A number of environmental agents such as radiation (UV, X-rays, radioactive elements) and chemicals (pesticides, cigarette smoke) can cause mutations (changes) in DNA. 

A number of enzymes monitor the DNA and repair these changes. For example, excision repair occurs when a mutated segment of DNA is removed and replaced with a new segment.

A common type of mutation caused by ultraviolet radiation occurs when two thymines become bonded to each other, forming a kink in the DNA molecule. It is important that this be fixed because during replication, incorrect nucleotides could be added to the newly synthesized strand. To repair this mutation, the segment is excised and new DNA is synthesized.

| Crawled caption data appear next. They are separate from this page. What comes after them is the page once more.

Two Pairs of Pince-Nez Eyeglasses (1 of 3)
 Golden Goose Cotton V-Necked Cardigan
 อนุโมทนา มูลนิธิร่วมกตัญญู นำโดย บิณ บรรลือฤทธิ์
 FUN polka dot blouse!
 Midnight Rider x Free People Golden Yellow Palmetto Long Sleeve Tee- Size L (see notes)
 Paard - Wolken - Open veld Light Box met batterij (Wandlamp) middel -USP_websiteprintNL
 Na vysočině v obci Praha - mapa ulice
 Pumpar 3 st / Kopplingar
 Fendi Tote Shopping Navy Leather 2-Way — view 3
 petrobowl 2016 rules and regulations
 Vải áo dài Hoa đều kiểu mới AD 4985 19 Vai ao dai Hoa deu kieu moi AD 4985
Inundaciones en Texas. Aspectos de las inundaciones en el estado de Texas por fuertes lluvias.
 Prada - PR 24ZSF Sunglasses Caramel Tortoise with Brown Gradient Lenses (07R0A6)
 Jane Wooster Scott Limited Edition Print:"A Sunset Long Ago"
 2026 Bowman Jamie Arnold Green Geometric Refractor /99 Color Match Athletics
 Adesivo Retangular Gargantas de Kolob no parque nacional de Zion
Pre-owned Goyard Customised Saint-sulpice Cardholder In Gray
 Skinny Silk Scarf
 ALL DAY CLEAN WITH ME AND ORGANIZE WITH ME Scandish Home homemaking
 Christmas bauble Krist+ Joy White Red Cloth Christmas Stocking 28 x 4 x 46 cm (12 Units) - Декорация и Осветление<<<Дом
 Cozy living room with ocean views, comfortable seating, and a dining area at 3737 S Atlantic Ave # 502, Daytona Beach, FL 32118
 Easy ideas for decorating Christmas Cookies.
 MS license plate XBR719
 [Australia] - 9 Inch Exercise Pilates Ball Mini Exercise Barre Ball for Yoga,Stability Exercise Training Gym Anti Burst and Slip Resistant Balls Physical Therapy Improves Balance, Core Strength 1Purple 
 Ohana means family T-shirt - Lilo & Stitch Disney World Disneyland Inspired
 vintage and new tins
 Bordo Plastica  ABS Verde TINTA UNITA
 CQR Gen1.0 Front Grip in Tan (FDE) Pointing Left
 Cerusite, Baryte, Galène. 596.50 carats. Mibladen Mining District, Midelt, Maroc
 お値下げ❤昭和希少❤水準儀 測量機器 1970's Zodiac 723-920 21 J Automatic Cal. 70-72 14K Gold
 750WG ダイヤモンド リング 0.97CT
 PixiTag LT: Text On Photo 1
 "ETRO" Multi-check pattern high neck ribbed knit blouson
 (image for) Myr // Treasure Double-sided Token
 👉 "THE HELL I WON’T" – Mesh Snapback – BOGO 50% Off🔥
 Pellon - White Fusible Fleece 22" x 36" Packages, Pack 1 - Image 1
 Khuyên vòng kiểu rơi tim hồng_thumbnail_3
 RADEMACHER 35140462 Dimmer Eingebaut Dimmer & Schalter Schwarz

Xeroderma pigmentosum is a genetic disease in which some repair enzymes do not function.

Organization of DNA

Chromosome Structure

Chromosomes are structures composed of condensed DNA and associated proteins. When DNA condenses, the molecule becomes wrapped around proteins called histones. The histones are then arranged in a coiled pattern to produce a larger fiber. This larger fiber is further compacted by looping to produce looped domains. The looped domains are coiled and compacted to produce chromosomes.

Heterochromatin and Euchromatin

Chromatin is DNA and its associated protein. Heterochromatin is DNA that is coiled and condensed. In this state, it is not transcribed. Euchromatin is less condensed and is actively transcribed.

During interphase, looped domains may be attached to protein supporting structures on the inside of the nuclear membrane. Some of the DNA is coiled and compacted but other parts are not.

Unknown Function

Approximately 1.5% of human DNA codes for protein. The function of the remaining DNA is not known but perhaps much of it has no function.